Прежде всего малютке крабу грозит опасность высохнуть на горячем песке. Снизу под его крошечным, длиной в одну восьмую дюйма, панцирем расположены маленькие жабры — тончайшие кусочки бахромчатой ткани, искусно запрятанные внутрь, где их не могут поранить твердые, острые песчинки. Эти жабры хорошо служили ему в море, забирая из воды кислород, и в течение всей его младенческой поры были приятно влажны. Но вот настал эпохальный момент, и малютка краб, преодолев последний дюйм пены, вышел из воды на воздух, должно быть, испытав необычный подъем жизненных сил, ибо жабры, которым пришлось немало потрудиться, извлекая растворенный в воде кислород, теперь получали его в избытке. Малютка должен был просто захмелеть от вольного воздуха.
Есть что-то поистине космическое в этом внезапном переходе из одного мира в другой. Тем не менее малютка краб едва ли воспринимал все это в космическом плане, ибо крошки крабы руководствуются главным образом инстинктом. Инстинкт в сочетании с жизнедеятельностью заставил его пойти дальше по суше и на целых шесть дюймов отдалиться от воды. Надо полагать, это далось ему в отчаянной борьбе, ибо вспомним, что в длину младенец не более одной восьмой дюйма. Крошечные песчинки казались ему валунами, а наполовину засыпанные песком раковины — настоящими горами.
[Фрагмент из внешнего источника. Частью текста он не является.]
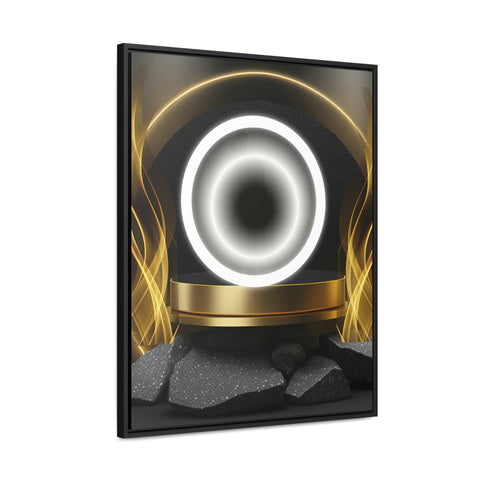 Image of Wall Art Canvas Print | Abstract Room Decor Living Room Bedroom Office Vertical Frame | New Home Decoration-FrenzyAfricanFashion.com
Вскоре, однако, где-то на задворках сознания, если он вообще обладает таковым, у малютки появляется ощущение какого-то неблагополучия. В жабрах у него першит, их словно что-то сдавило — в высшей степени неприятное, угнетающее чувство. Охваченный страхом, он бросается к воде, но остается там недолго. Вскоре его опять потянет на воздух, к теплому ветру, овевающему побережье и шелестящему в листве деревьев за полосою песка.